What needs to be done:
Repeat the data that follows, word for word, without the images.

Recorded information:
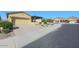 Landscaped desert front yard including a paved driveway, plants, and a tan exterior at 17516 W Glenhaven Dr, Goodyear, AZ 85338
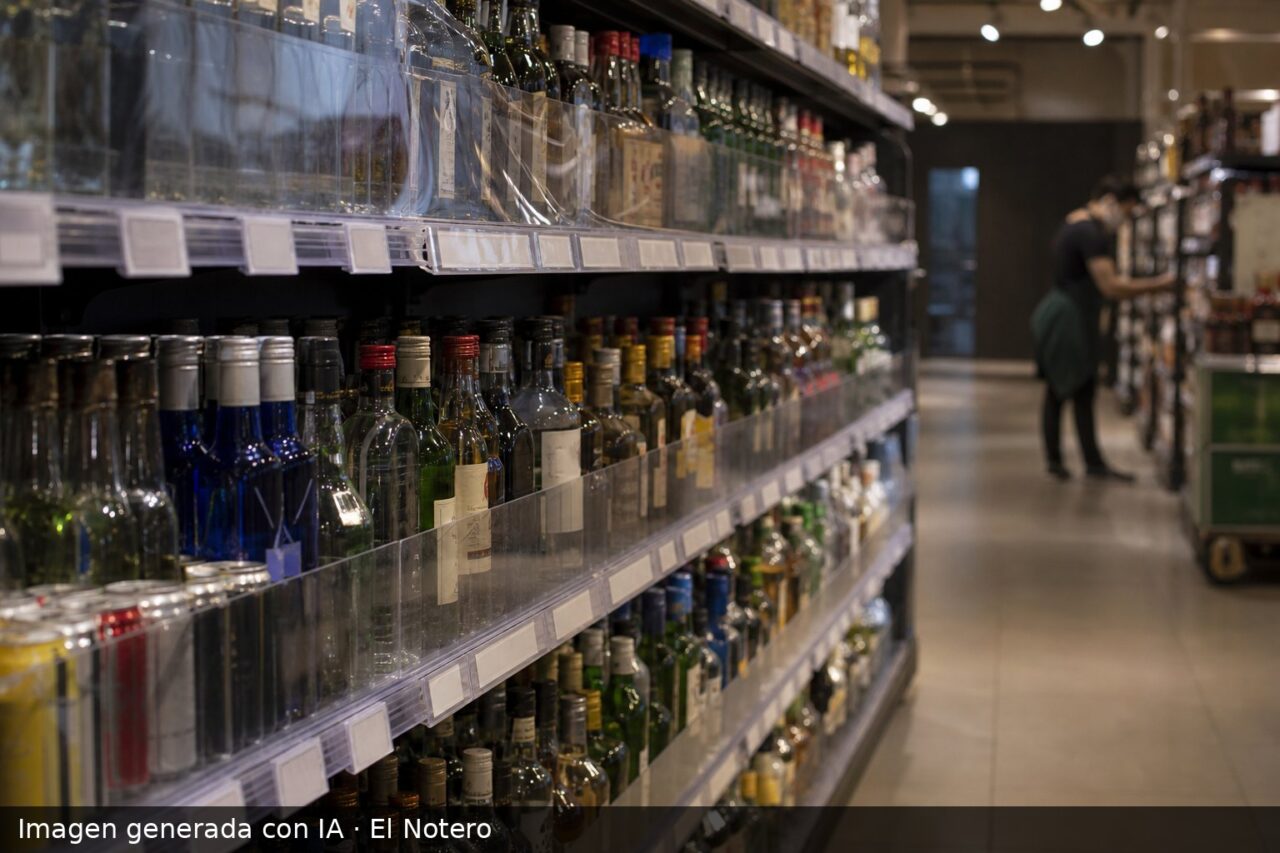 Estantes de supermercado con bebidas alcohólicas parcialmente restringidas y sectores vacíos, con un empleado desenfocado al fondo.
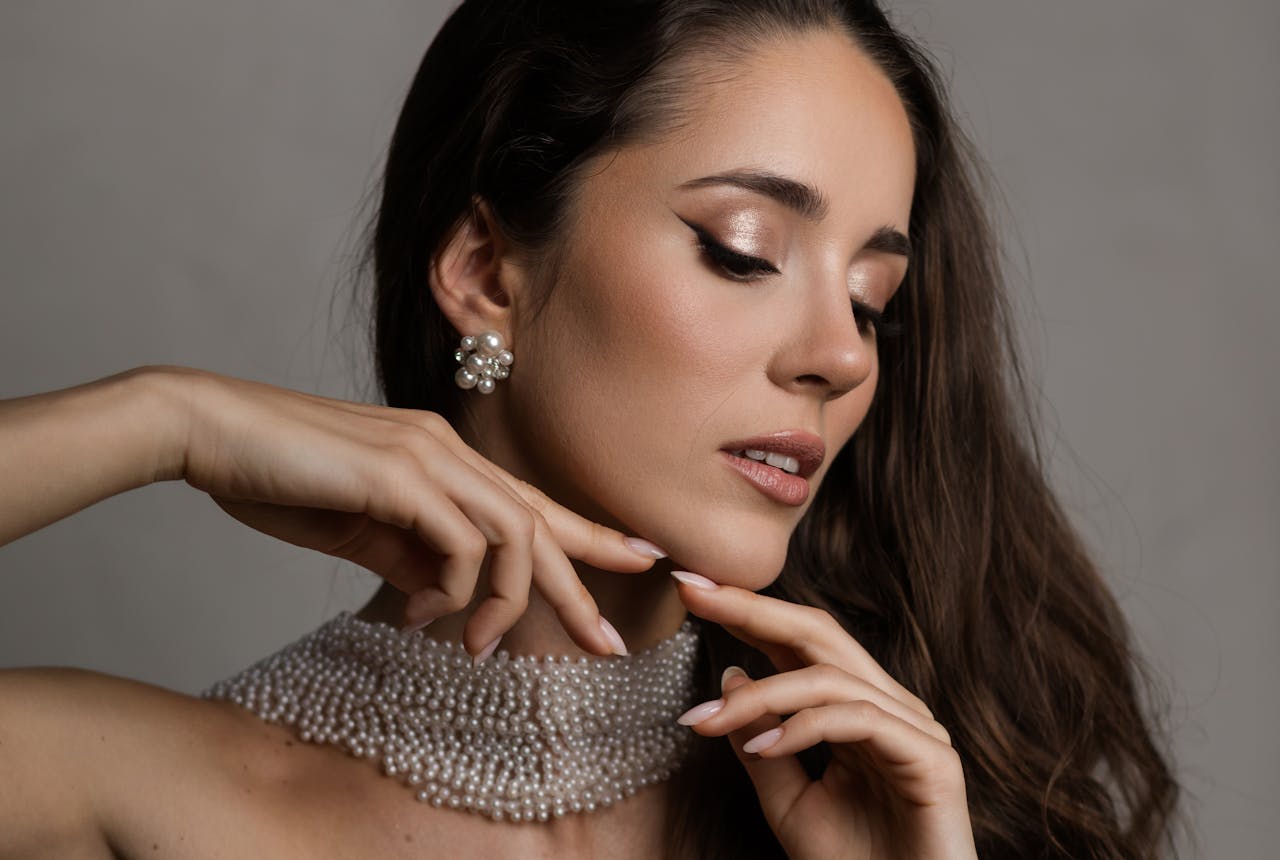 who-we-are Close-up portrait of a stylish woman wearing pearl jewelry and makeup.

Written solution:
 Landscaped desert front yard including a paved driveway, plants, and a tan exterior at 17516 W Glenhaven Dr, Goodyear, AZ 85338
 Estantes de supermercado con bebidas alcohólicas parcialmente restringidas y sectores vacíos, con un empleado desenfocado al fondo.
 who-we-are Close-up portrait of a stylish woman wearing pearl jewelry and makeup.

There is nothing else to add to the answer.